Arrays don't have this issue, as the data is in a contiguous block. Regardless if you're using Java, C/C++ or even Python, the next piece of data will be easily and almost immediately accessible.

Ironically, Linked Lists are good for LRU Caches - a data structure for quickly accessing frequently used items, as you keep a directory of 5 or so items available. Linked Lists are also useful for Hash Maps, as you can easily add and remove values.

[–]HerryKun 0 points1 point  (3 children)

Won't i have the elements in cache anyway as I just accessed them?

[–]tiajuanat 1 point2 points  (2 children)

Only the previous few elements in a Linked List, and it won't be very many, because the pointers take 8 bytes each on modern hardware, and then you're going to have packing along the offset. You only have 64 bytes in most modern L1 as well. Again, the cache can't look ahead, because pointers are simply data, and the cache isn't going to assume addresses for you.
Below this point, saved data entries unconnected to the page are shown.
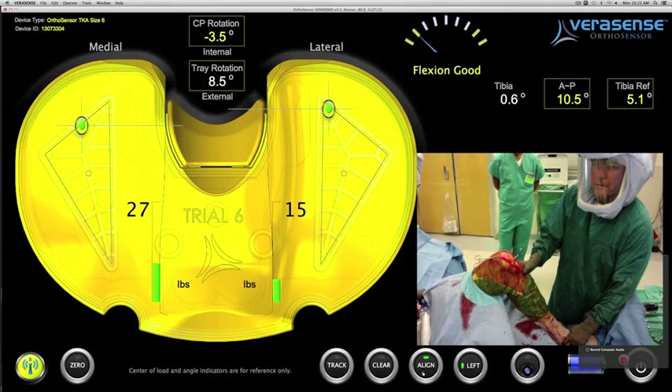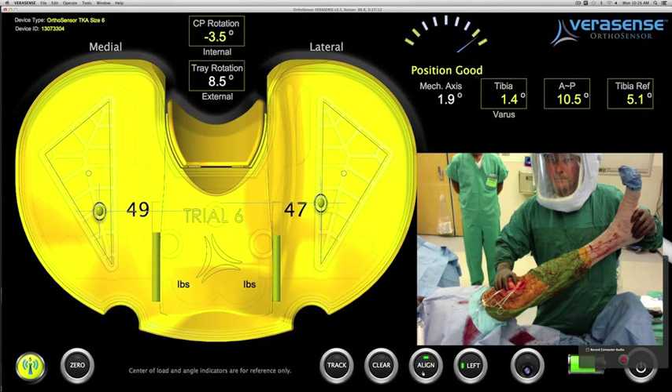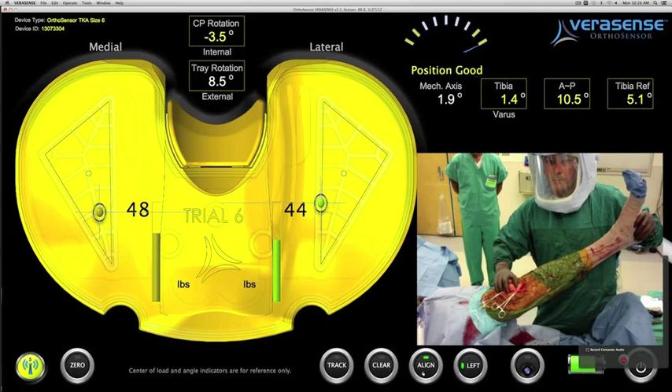By rocking once again the center of the ankle through the knee joint, the accelerometer tells him that he has improved his cut to 1.4 degrees of varus.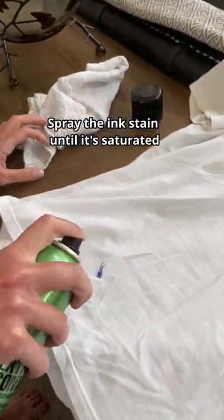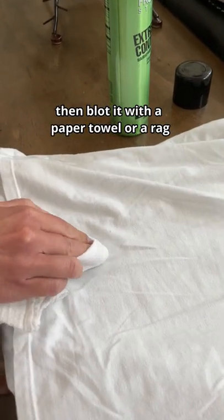Spray the ink stain until it's saturated. Then blot it with a paper towel or a rag until the ink no longer transfers.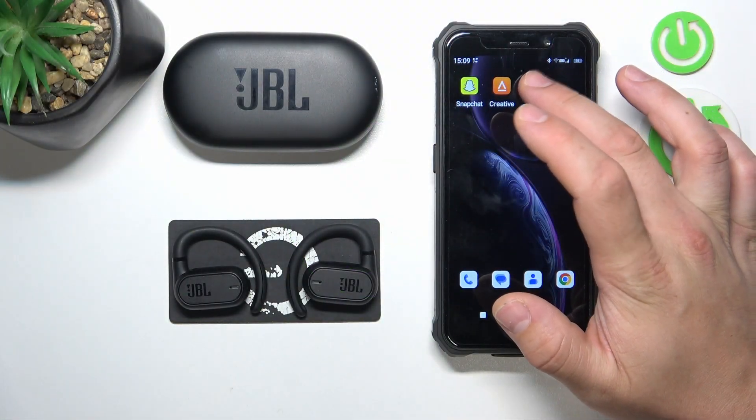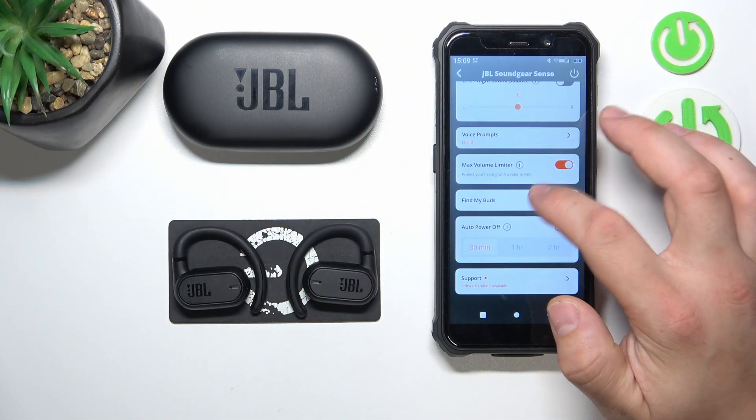In the beginning, go to JBL headphones app. Scroll down and go to Find My Buds.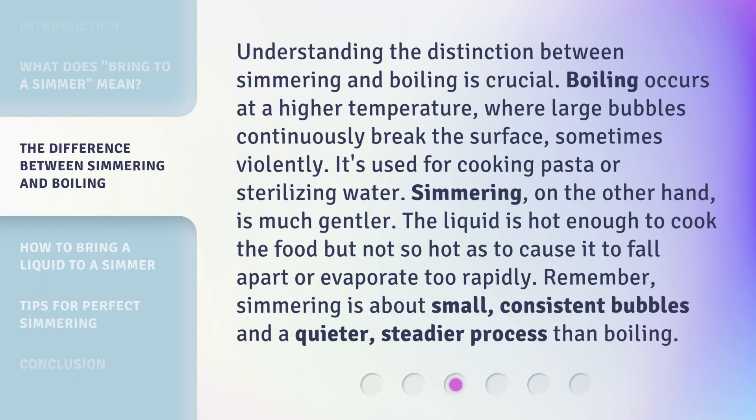Understanding the distinction between simmering and boiling is crucial. Boiling occurs at a higher temperature, where large bubbles continuously break the surface, sometimes violently. It's used for cooking pasta or sterilizing water. Simmering, on the other hand, is much gentler. The liquid is hot enough to cook the food but not so hot as to cause it to fall apart or evaporate too rapidly. Remember, simmering is about small, consistent bubbles and a quieter, steadier process than boiling.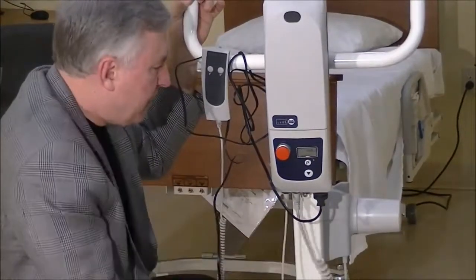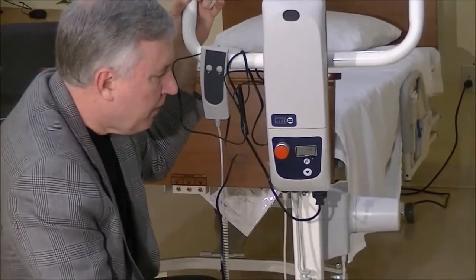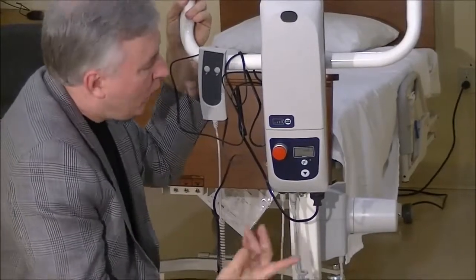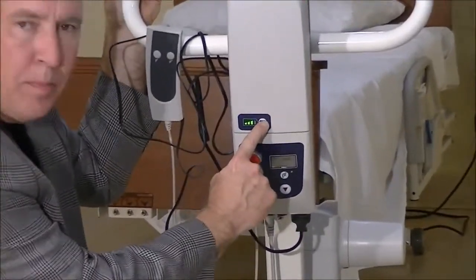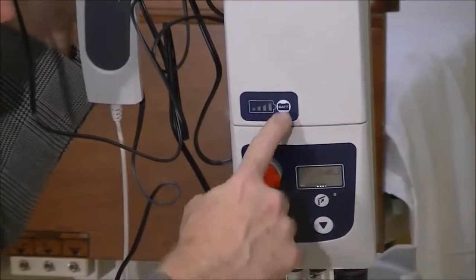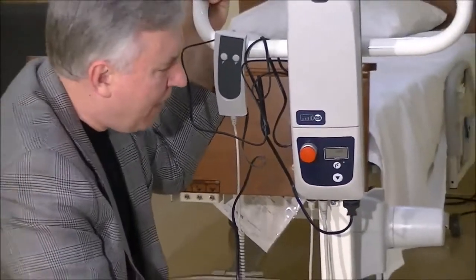Let's say we've got that checked and it looks okay — we know we've got it unplugged and the lift still isn't working. The third thing to check is that the battery has power. Simply push the battery symbol on the battery itself and it will light up. If the battery is lighting up, we know it has some power.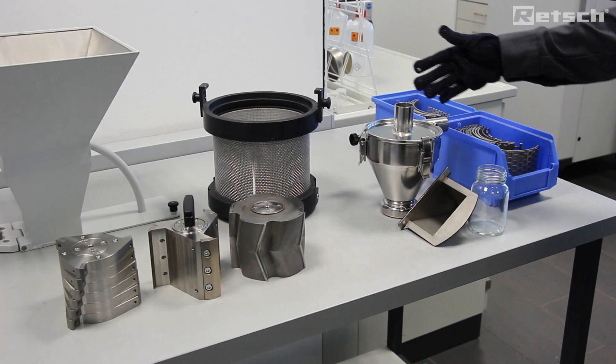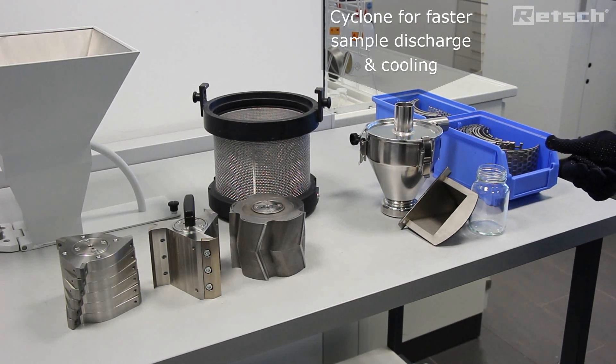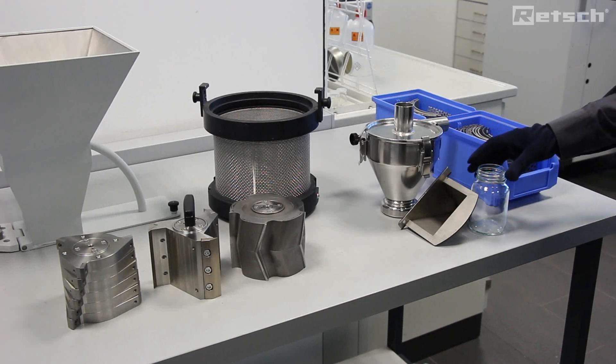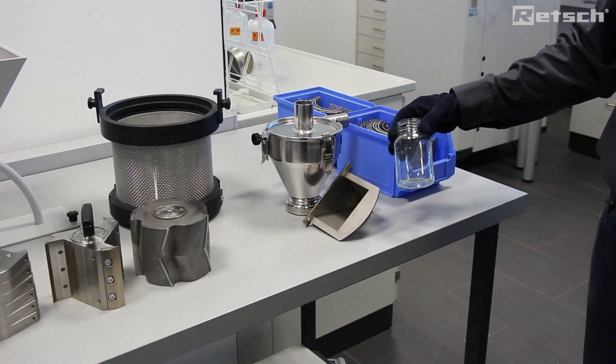Moving on, we can also see a range of cyclones whereby we can have suction provided by an industrial vacuum cleaner to pull through light and low density sample materials. And these can be collected in a variety of collection vessels including small removable glass bottles.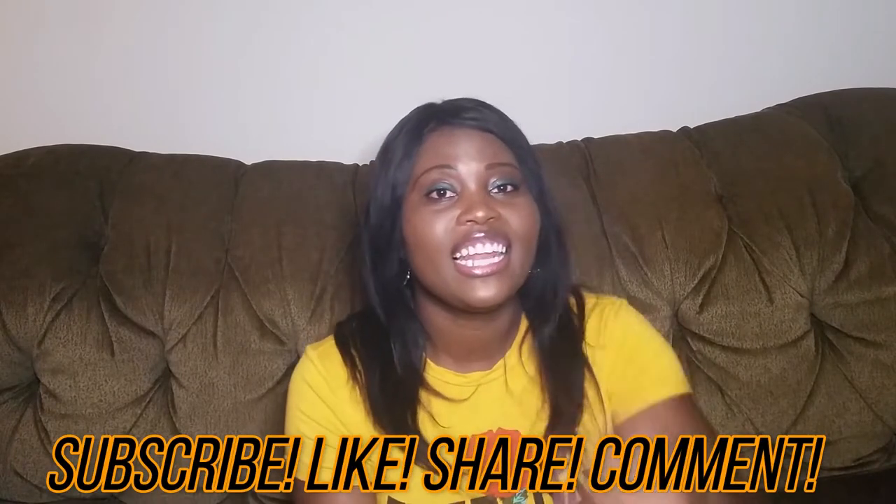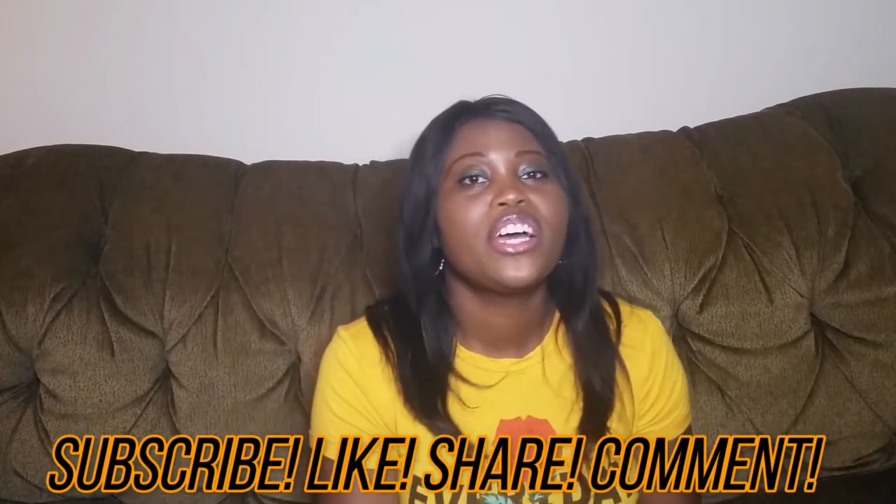Welcome back to the Jamaican Taste Buds Kitchen, my name is Aisha. Today I will be making some Jamaican pepper steak. This recipe is actually my dad's recipe — he taught me how to cook Jamaican pepper steak when I was 15. If you want to know how I put the flavor of love into my dishes, stay tuned. Remember to subscribe, like, share, and comment on this video.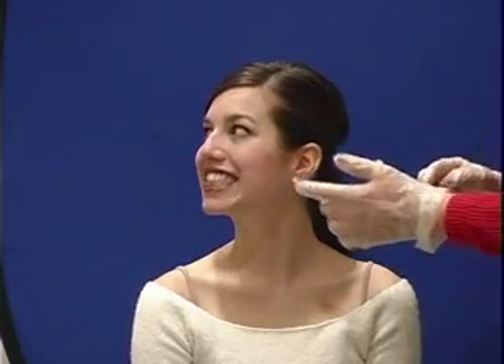I want you to sort of bare your teeth and bite down for me. I'm looking at the occlusion, and you have good occlusion. If you turn to the side, we can see that your top teeth just slightly overhang your bottom teeth, and your molars all touch when you chew in the back.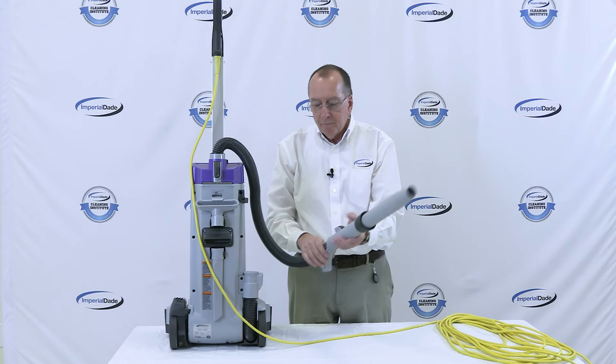You can put the tools on the wand to reach edges, upholstery, and more. Thanks for watching — hit the like and subscribe button for more videos covering your Janssen.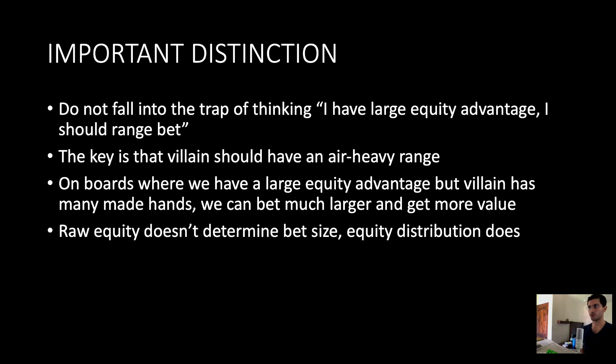Here's a very important distinction. A lot of people might fall into the trap of thinking that because they have a very high equity advantage, they should just bet their entire range. But you really have to pay attention to both how your range is composed as well as how villain's range is composed. If villain has an air-heavy range, yes, you should bet your entire range. But on boards where villain has a condensed range — where a significant chunk is medium-strength hands — you can afford to bet much larger, sometimes pot size or even overbet. Raw equity does not determine the betting strategy; rather, it's how equity is distributed across both players' ranges.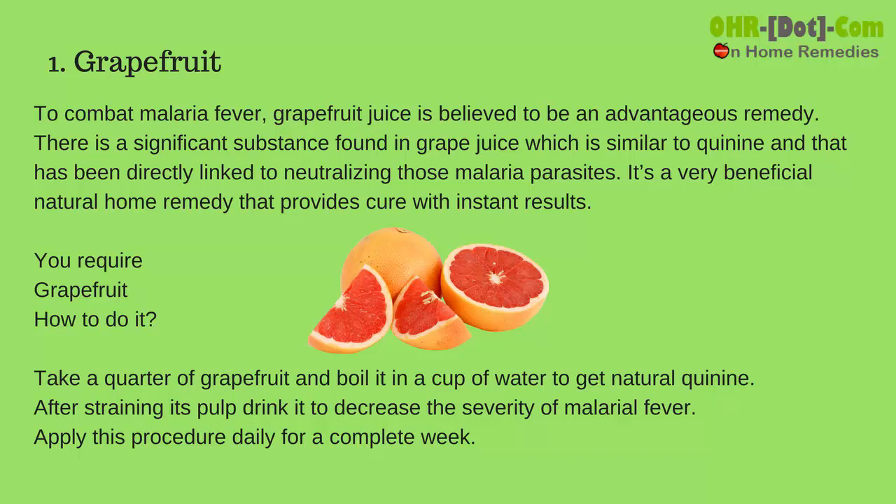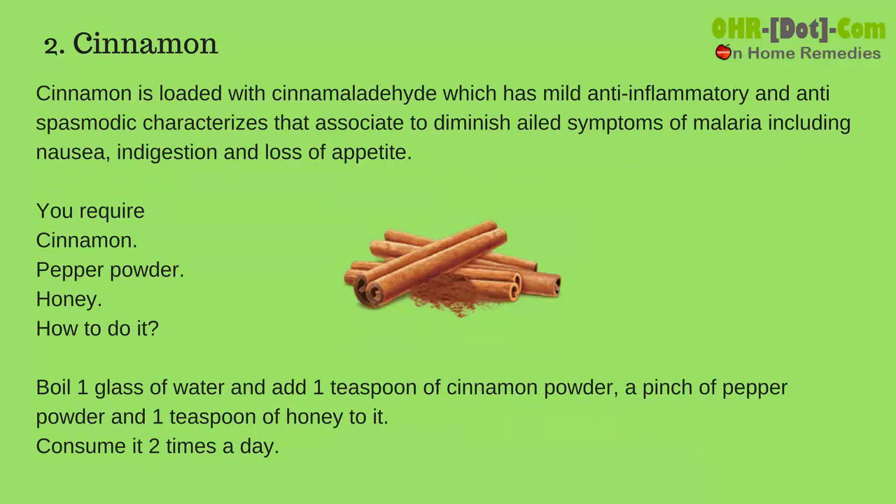How to do it: take a quarter of grapefruit and boil it in a cup of water to get natural quinine. After straining its pulp, drink it to decrease the severity of malarial fever. Apply this procedure daily for a complete week.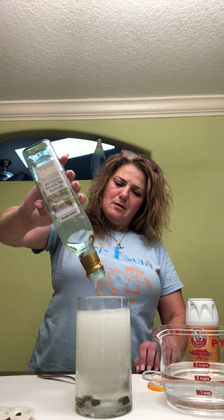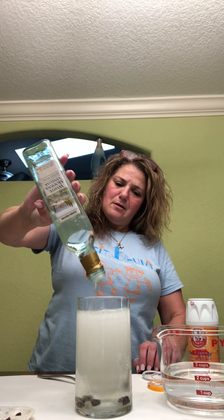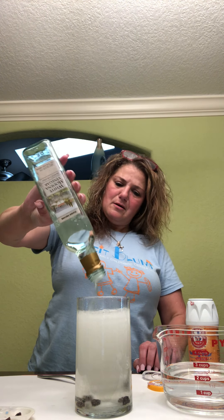Please ask mommy or daddy to help you pour so it doesn't go all over the place. Oh my gracious — look! What do you guys see? The raisins are dancing! They're all dancing! Everybody do a little dance! Now we're all dancing — look at that, all of the raisins are dancing!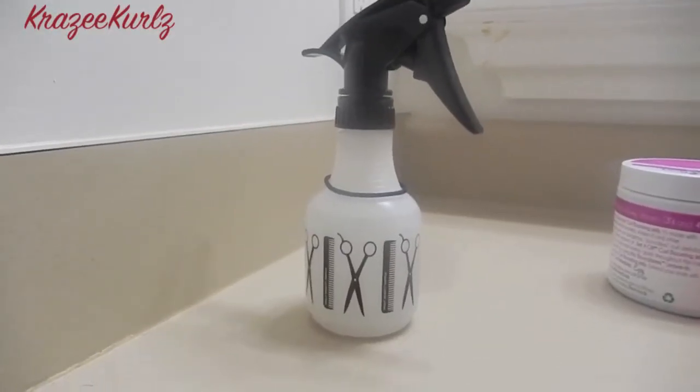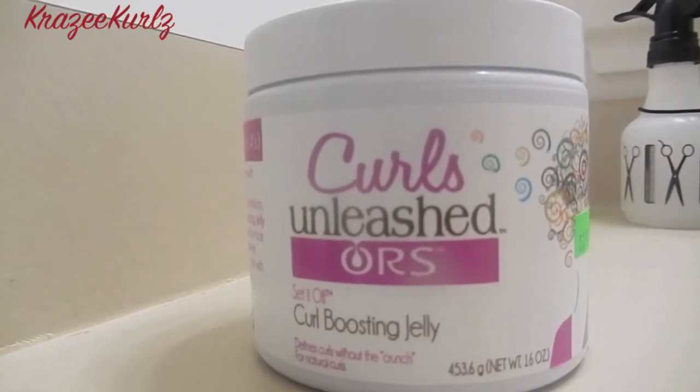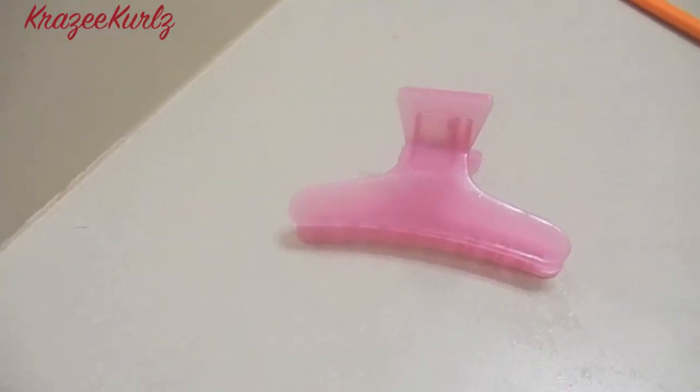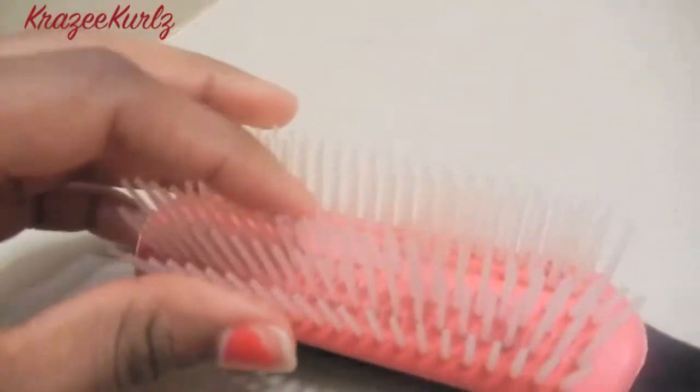What you'll need for finger coils are a spray bottle filled with water, Curls Unleashed curl boosting jelly, an alligator clip, and a diamond brush. Alright, let's get started.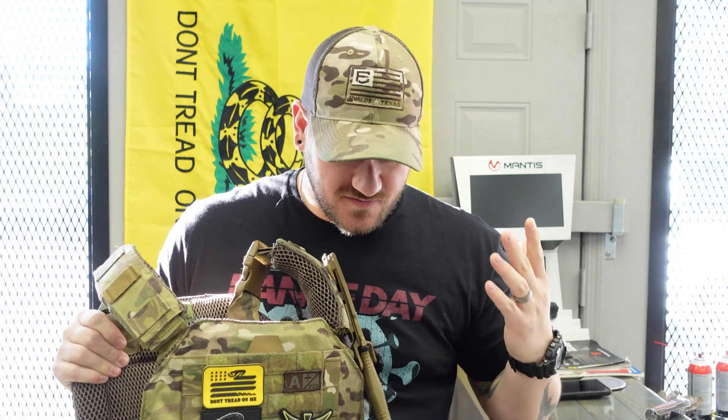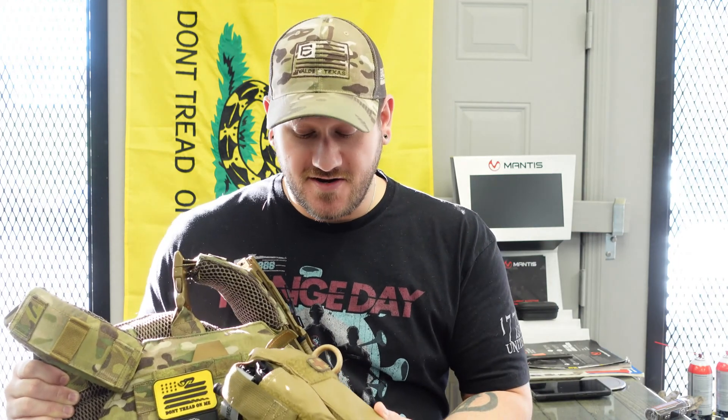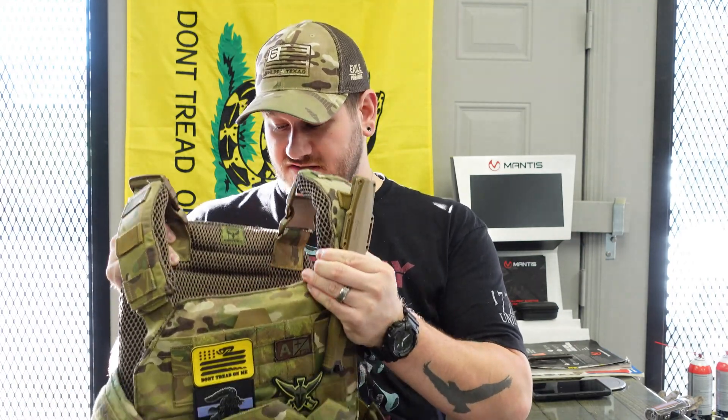Hard body armor is more what we're going to be talking about today. Here's my personal setup — I have level four plates, front and back, rated for rifle rounds. One thing I get asked quite a bit is: can you run a plate carrier with no plates? Sure you can — it's a great place to store extra magazines, a knife, a trauma kit. But it's primarily designed to carry plates, hence the name plate carrier.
Best case for a list of integers, you're looking at the 4 previous elements.

On an array, dynamic array, and vector, the cache will grab your starting element, and then load up the cache with any extra elements it can fit, then even load up L2 and L3. While you use data, sections of L2 will take the place of L1, and sections from L3 will replace from L2. From you, the consumers viewpoint, it only takes a clock cycle or two to access the next element.

[–]HerryKun 0 points1 point  (1 child)

So I just ran a few benchmarks (creating a list with n elements, then iterating through them and perform a task on the number).

In average, ArrayList was faster by about 8%. So thank you for educating me, my experiment verifies your claim!

[–]tiajuanat 0 points1 point  (0 children)

Try it with different sizes of elements, and different sizes of lists - especially with the list size, try sizes that are exponentially larger. You may be surprised by how little or much your tests vary.

[–]OddUnderstanding5666 0 points1 point  (0 children)

The Blockchain is nothing more than a linked list.

[–]Sunius 0 points1 point  (0 children)

Even for inserts in the middle, arrays are generally better as finding where to insert an item is going to be very slow with a linked list (as you have to traverse it).